Comme le rappelle Reuters, le ministère américain de la Justice avait accusé un citoyen pakistanais de tenter de recruter des Américains pour tuer Donald Trump en représailles à l'élimination du général iranien Qassem Solejmani.
Au moment de la conversation, Trump avait approuvé en principe l'opération militaire contre l'Iran, mais n'avait pas encore décidé quand et dans quelles conditions les États-Unis seraient directement impliqués.
L'armée américaine rassemblait des forces dans la région depuis des semaines, tant de membres de l'administration pensaient que ce n'était qu'une question de temps où le président donnerait le feu vert.
Reuters n'a pas réussi à déterminer combien l'argument de Netanyah a affecté la décision finale de Trump, mais la conversation a posé un récent effort pour le convaincre.
Selon des sources, cette conversation avec l'évaluation selon laquelle “le répertoire potentiel” pour l'élimination du leader iranien se terminait était l'un des facteurs clés qui a incité Trump à lancer l'opération “le 27 février. Fury épique”
Netanyahou, selon Reuters, a fait valoir que Trump pourrait entrer dans l'histoire en éliminant la direction iranienne, que l'Occident pourtant beaucoup d'Iraniens ont longtemps considéré comme hostile. Il a même suggéré que les Iraniens puissent sortir dans les rues et renverser le régime théocratique qui régnait depuis 1979 et considérait l'une des sources de l'instabilité mondiale.

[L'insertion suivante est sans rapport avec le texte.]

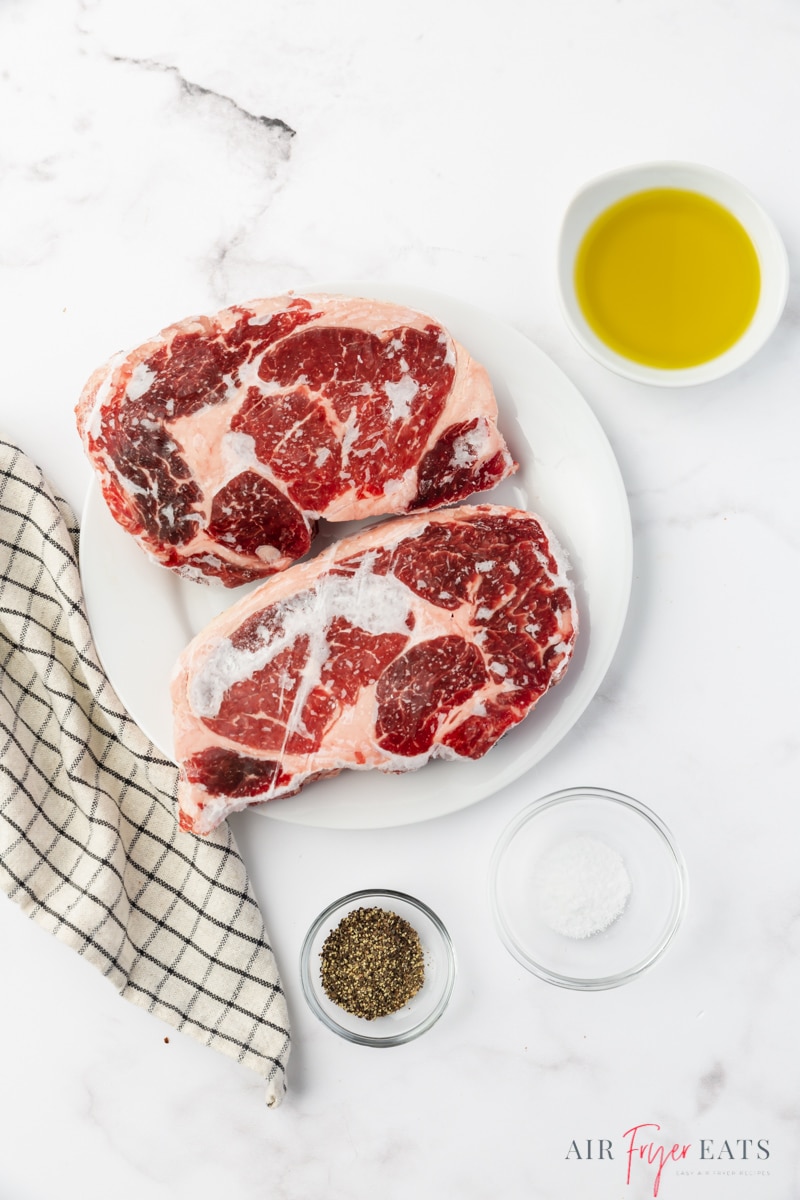 two frozen steaks on a white plate, with salt, pepper, and olive oil.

Les premières bombes sont tombées le matin du 28 février. Le même soir, Trump a annoncé que Khamene était mort.
Comme le rappelle Reuters, Netanyahu lui-même a rejeté les allégations selon lesquelles Israël “avait attiré les États-Unis vers la guerre”, l'appelant un faux “”.
“Est-ce que quelqu'un pense vraiment que quelqu'un peut dire au président Trump quoi faire?”, a déclaré le premier ministre israélien.
Trump a publiquement souligné que la décision de commencer la guerre était exclusivement la sienne.
Cependant, les sources de Reuters suggèrent que même si Netanyahou n'a pas nécessairement forcé Trump à la guerre, ses arguments incluaient l'accent sur la possibilité d'éliminer un dirigeant qui aurait été derrière les tentatives d'assassinat de Trump étaient très convaincants.